{serializer}
serializer
is a package which demonstrates how to use R’s internal
serialization interface from C. The code is the minimum amount of code
required to do this, and I’ve inserted plenty of comments for guidance.
This package was developed to help me figure out the serialization process in R. It is perhaps only really interesting if you want to look at and/or steal the C code. It’s under the MIT license, so please feel free to re-use in your own projects.
You can install from GitHub with:
# install.package('remotes')
remotes::install_github('coolbutuseless/serializer')
Simple Example
library(serializer)
robj <- sample(10)
v1 <- serializer::marshall(robj)
v1
[1] 42 0a 03 00 00 00 02 00 04 00 00 05 03 00 05 00 00 00 55 54 46 2d 38 0d 00
[26] 00 00 0a 00 00 00 09 00 00 00 04 00 00 00 07 00 00 00 01 00 00 00 02 00 00
[51] 00 05 00 00 00 03 00 00 00 0a 00 00 00 06 00 00 00 08 00 00 00
serializer::unmarshall(v1)
[1] 9 4 7 1 2 5 3 10 6 8
What’s the upper bound on serialization speed?
calc_marshalled_size()
can be used to calculate the size of a serialized object,
but does not actually try and create the serialized object.
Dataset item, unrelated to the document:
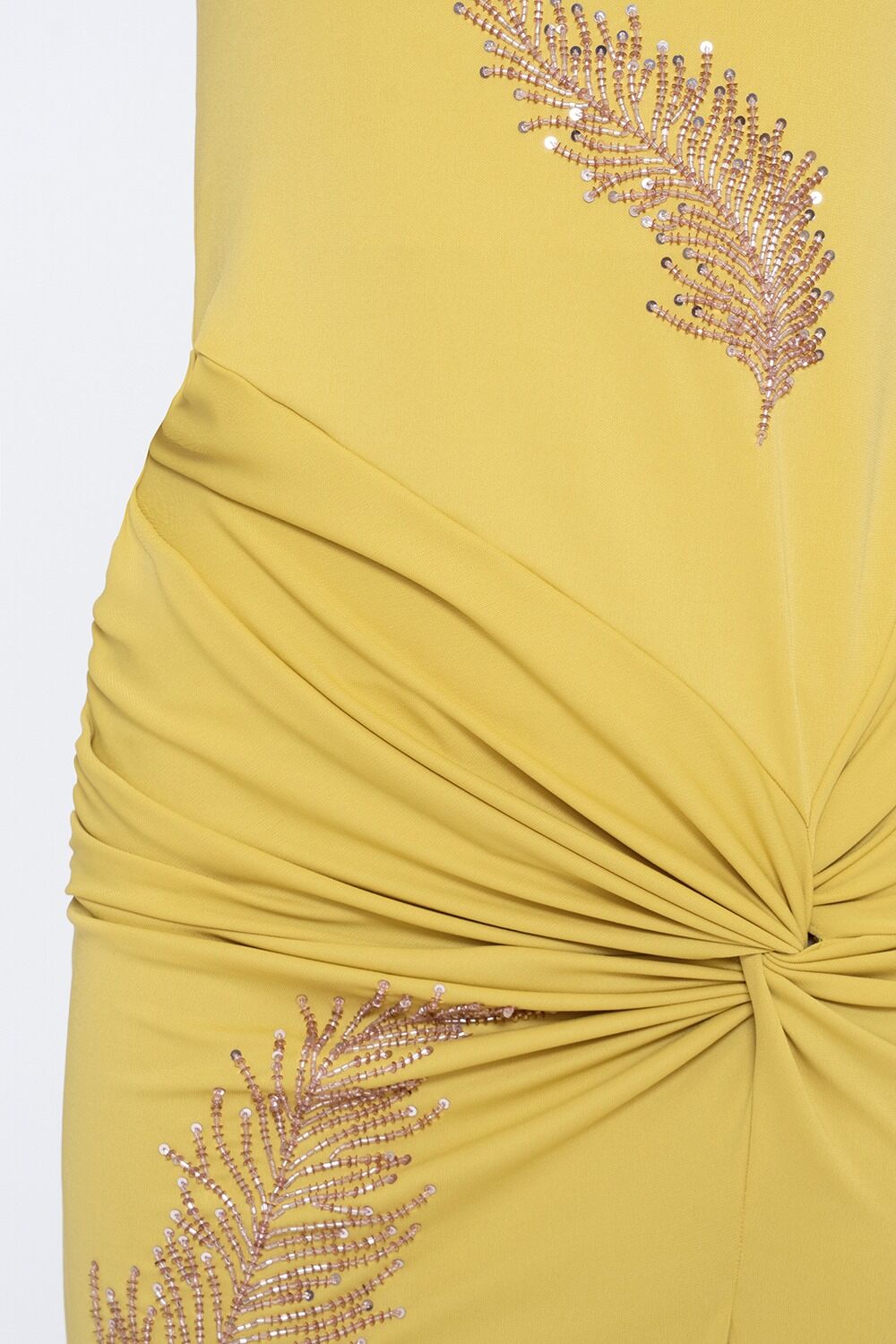 Tank Top Midi Dress-YELLOW-38-CLOTHINGDRESSCOCKTAIL-DES PHEMMES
Because this does not do any memory allocation, or copying of bytes, the speed
of calc_marshalled_size()
should give an approximation of the maximum
throughput of the serialization process when using R’s internal serialization
mechanism.
The speeds below seem ridiculous, because at its core, serialization is just passing pointers + lengths to an output stream, and doing very very little actual memory allocation or copying.
N <- 1e7
obj1 <- data.frame(
x = sample(N),
y = runif(N)
)
obj2 <- do.call(rbind, replicate(1000, iris, simplify = FALSE))
obj3 <- sample(N)
obj4 <- sample(10)
n1 <- lobstr::obj_size(obj1)
n2 <- lobstr::obj_size(obj2)
n3 <- lobstr::obj_size(obj3)
n4 <- lobstr::obj_size(obj4)
res <- bench::mark(
calc_marshalled_size(obj1),
calc_marshalled_size(obj2),
calc_marshalled_size(obj3),
calc_marshalled_size(obj4),
check = FALSE
)
res %>%
mutate(MB = round(c(n1, n2, n3, n4)/1024/1024)) %>%
mutate(`GB/s` = round(MB/1024 / as.numeric(median), 1)) %>%
mutate(`itr/sec` = round(`itr/sec`)) %>%
select(expression, median, `itr/sec`, MB, `GB/s`) %>%
knitr::kable(caption = "Maximum possible throughput of serialization")
expression | median | itr/sec | MB | GB/s |
---|---|---|---|---|
calc_marshalled_size(obj1) | 11.42µs | 84786 | 114 | 9746.8 |
calc_marshalled_size(obj2) | 6.23µs | 163324 | 5 | 783.3 |
calc_marshalled_size(obj3) | 7.36µs | 137883 | 38 | 5043.4 |
calc_marshalled_size(obj4) | 2.52µs | 298593 | 0 | 0.0 |
Summary
R’s process of chopping up an object for serialization is fast.
The limiting factor in the speed of serialization is whatever the actual output stream does with the description of the bytes.